Increasing surgical access to previously underserved populations in the United States may require a major expansion of the use of operating rooms on weekends to take advantage of unused capacity. Although the so-called weekend effect for surgery has been described in other countries, it is unknown whether US patients undergoing moderate-to-high risk surgery on weekends are more likely to experience worse outcomes than patients undergoing surgery on weekdays.
The aim of this study was to determine whether patients undergoing surgery on weekends are more likely to die or experience a major complication compared with patients undergoing surgery on a weekday.
Using all-payer data, we conducted a retrospective cohort study of 305,853 patients undergoing isolated coronary artery bypass graft surgery, colorectal surgery, open repair of abdominal aortic aneurysm, endovascular repair of abdominal aortic aneurysm, and lower extremity revascularization. We compared in-hospital mortality and major complications for weekday versus weekend surgery using multivariable logistic regression analysis.

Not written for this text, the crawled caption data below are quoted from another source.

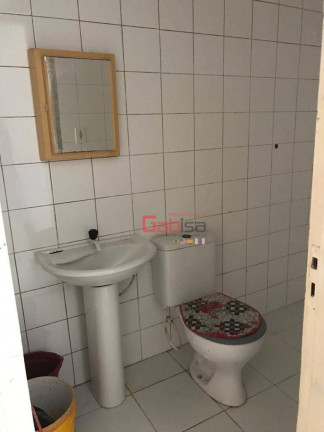 Imagem Casa com 3 Quartos à Venda, 144 m² em Peró - Cabo Frio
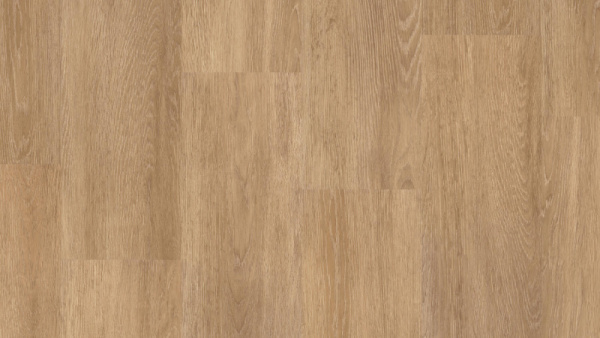 SPC Element Click 4V/31кл BISCUIT OAK 200,8х1220х3,85 мм (1,959 м2)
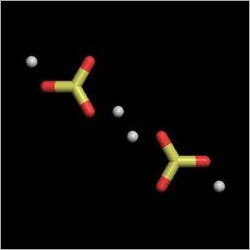 Lithium Metasilicate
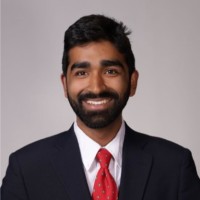 Rahul Dua
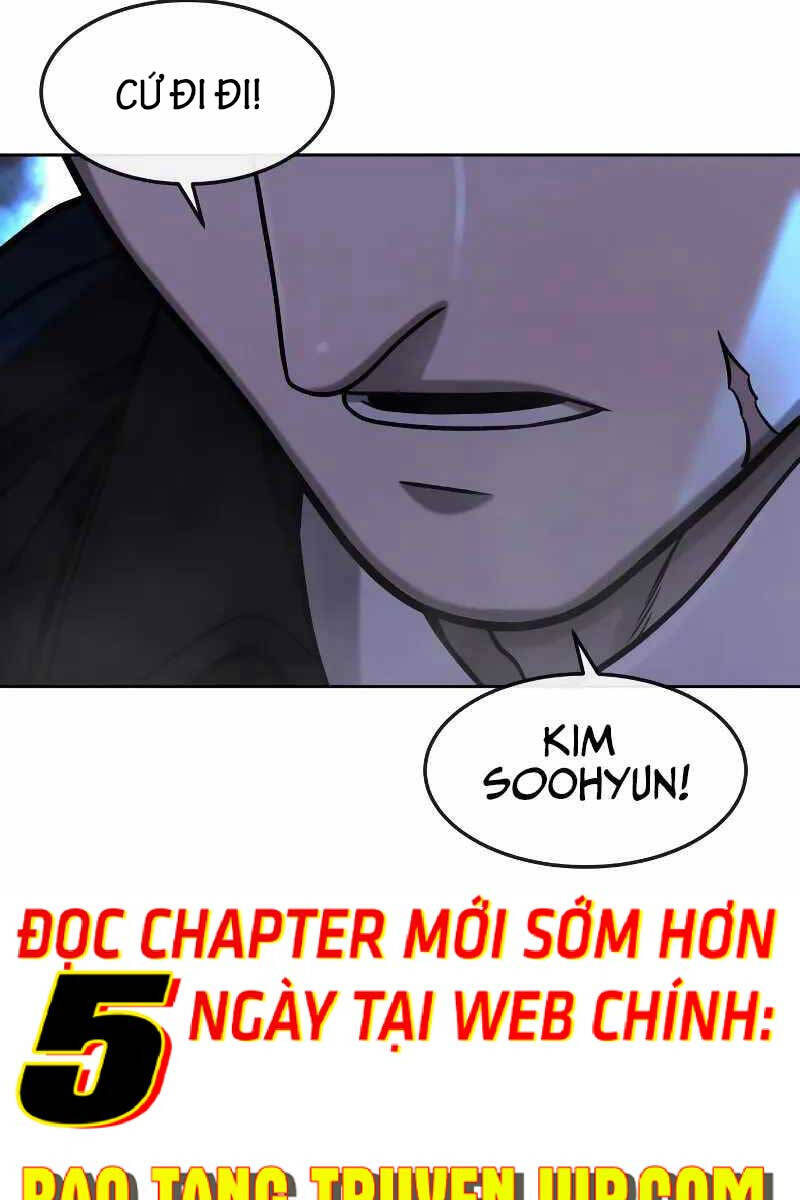 Nhiệm Vụ Diệu Kỳ Chapter 104 - Trang 34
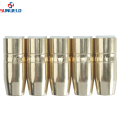 401-71-62 অগ্রভাগ 5/8''(15.9 মিমি)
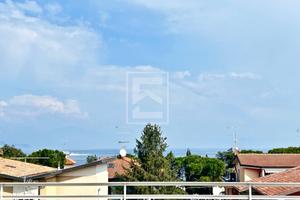 Attico/Mansarda - Desenzano del Garda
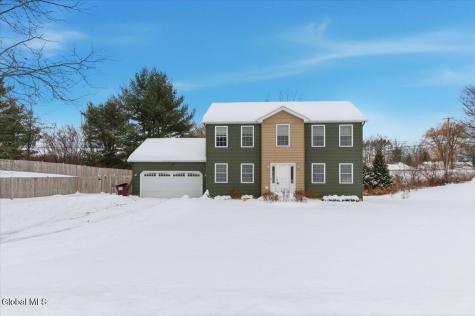 61 Plank Road Waterford NY 12188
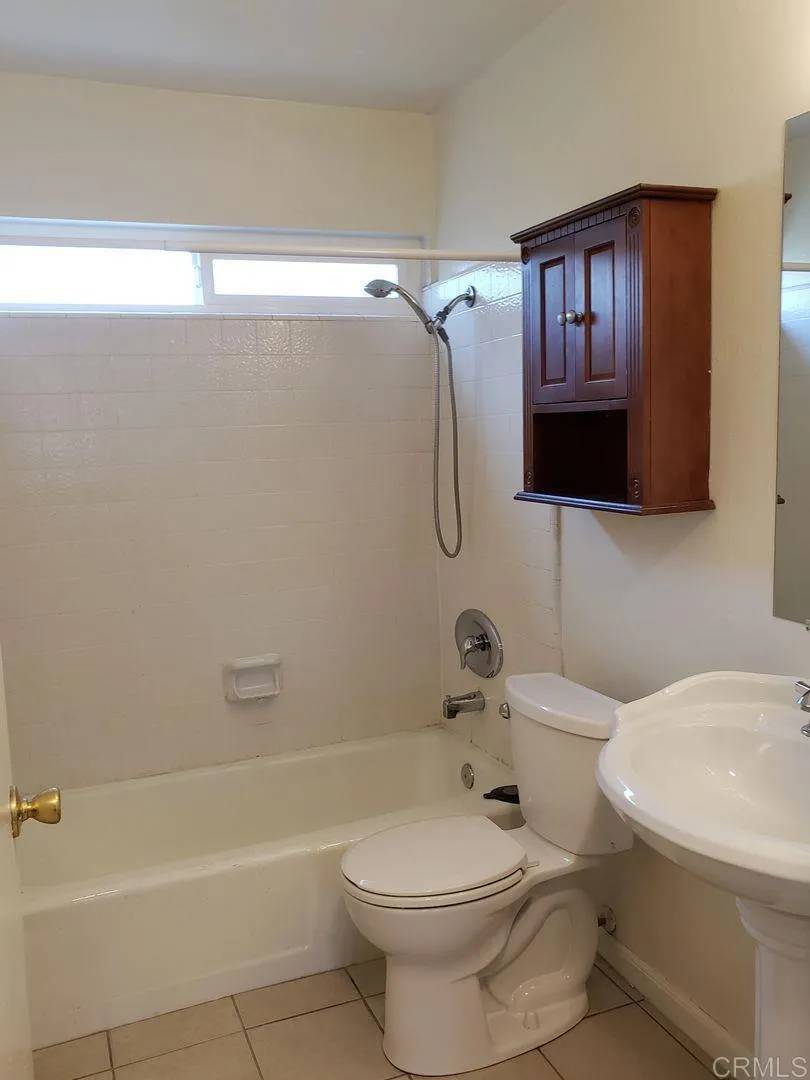 La Mesa, CA 91941,4349 Rosebud Lane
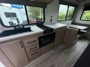 stove-oven-open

After controlling for patient risk and surgery type, weekend elective surgery [adjusted odds ratio (AOR)=3.18; 95% confidence interval (CI), 2.26-4.49; P<0.001] and weekend urgent surgery (AOR=2.11; 95% CI, 1.68-2.66; P<0.001) were associated with a higher risk of death compared with weekday surgery. Weekend elective (AOR=1.58; 95% CI, 1.29-1.93; P<0.001) and weekend urgent surgery (AOR=1.61; 95% CI, 1.42-1.82; P<0.001) were also associated with a higher risk of major complications compared with weekday surgery.

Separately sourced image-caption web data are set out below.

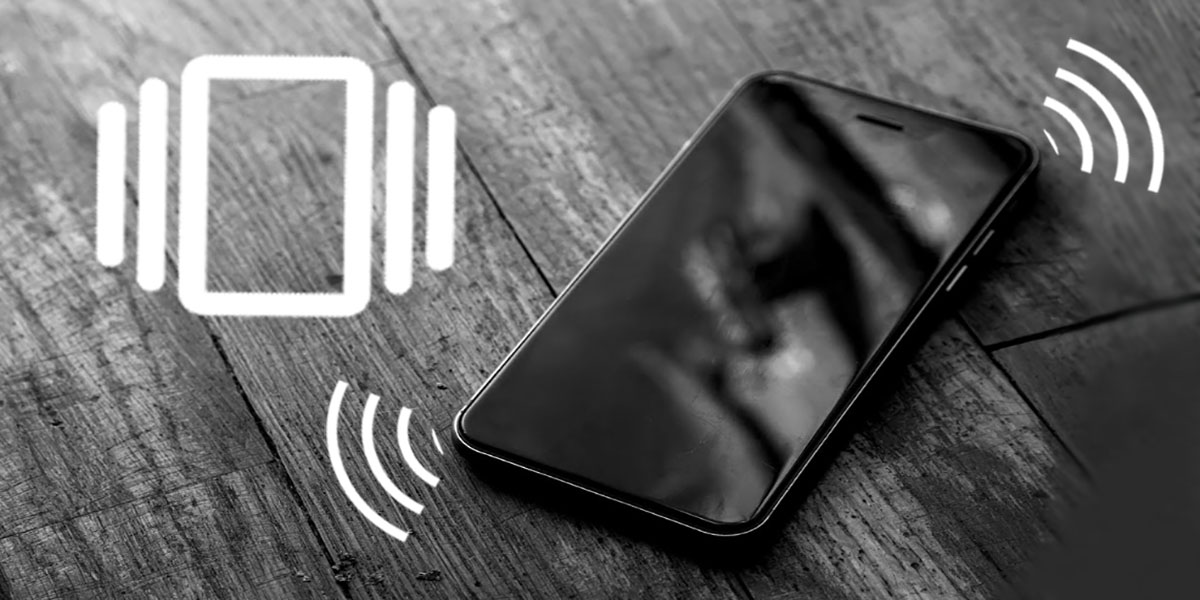 Como aumentar la vibracion en tu movil Android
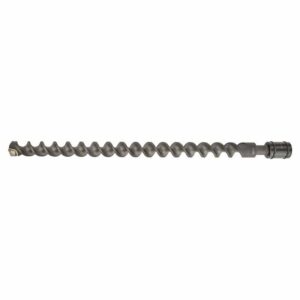 Foret tarières pour boulonneuse MAKITA B-54330 3/4'' Ø 35 mm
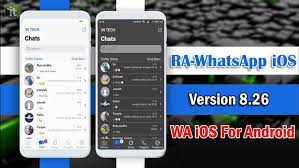 How to install wa mod 1.7.10 download and install minecraft forge. Download Whatsapp Mod Apk Wa Mod Anti Banned Terbaru 2020
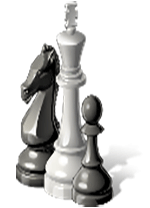 chess titans国际象棋中文电脑版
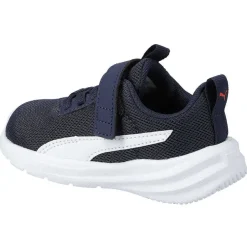 Rickie Runner AC + Inf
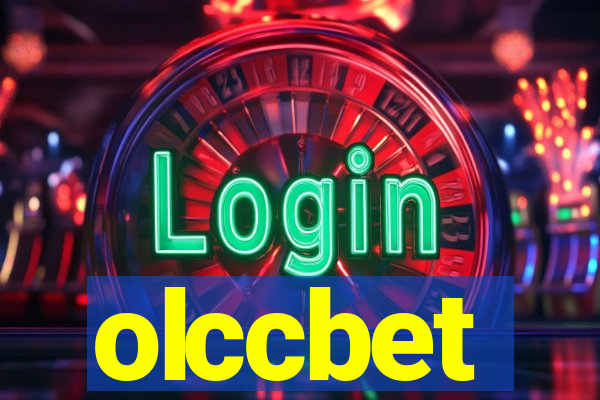 olccbet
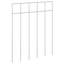Galvanised Steel Fencing Kits-130375843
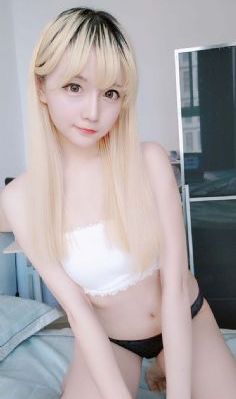 红猫大本营点击在线观看的_1080P电影在线看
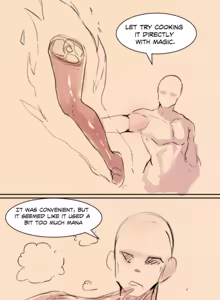 Page 3 of Collection - preview thumbnail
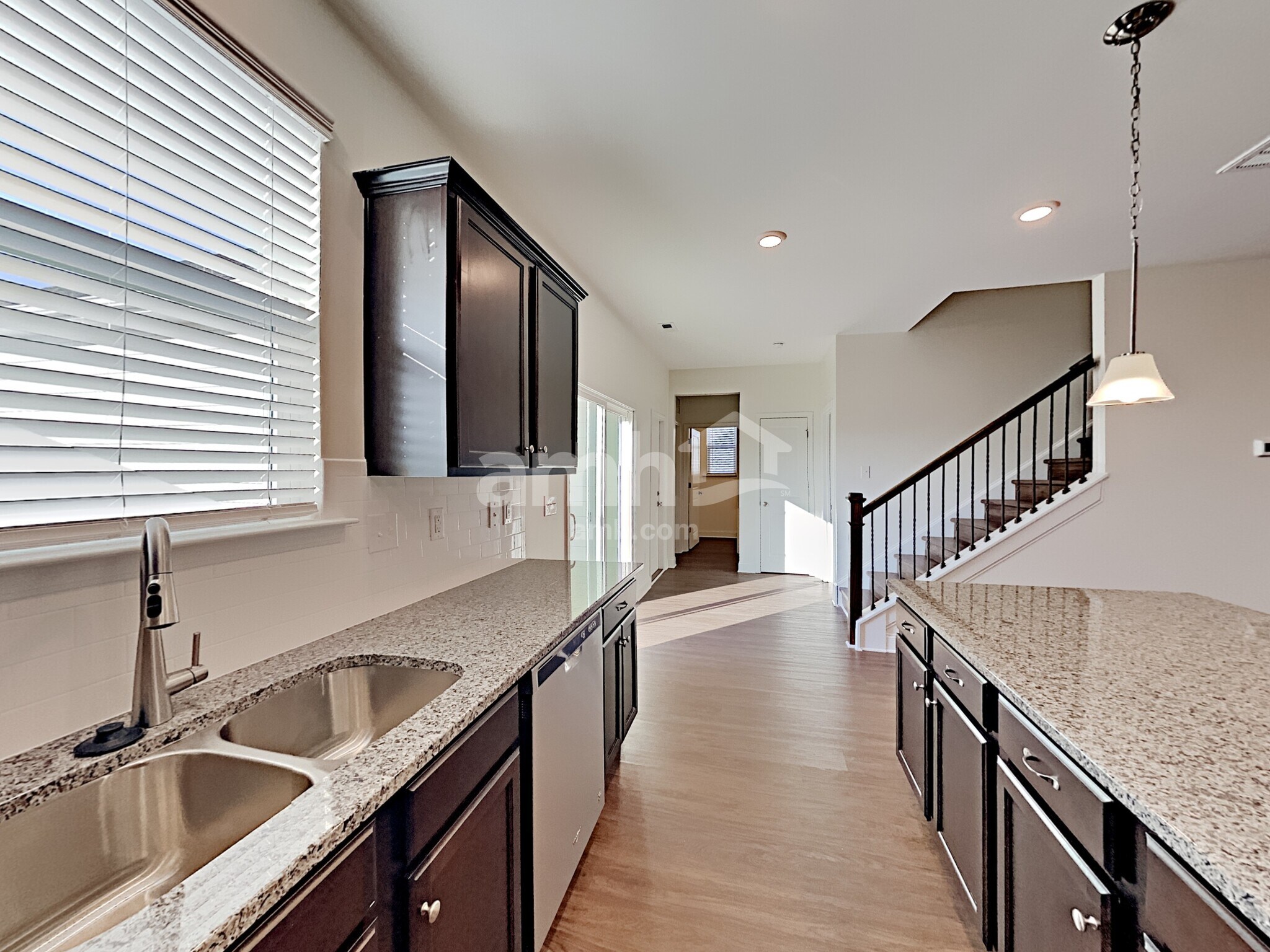 Building Photo - 201 Stowe Rd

Patients undergoing nonemergent major cardiac and noncardiac surgery on the weekends have a clinically significantly increased risk of death and major complications compared with patients undergoing surgery on weekdays. These findings should prompt decision makers to seek to better understand factors, such physician and nurse staffing, which may contribute to the weekend effect.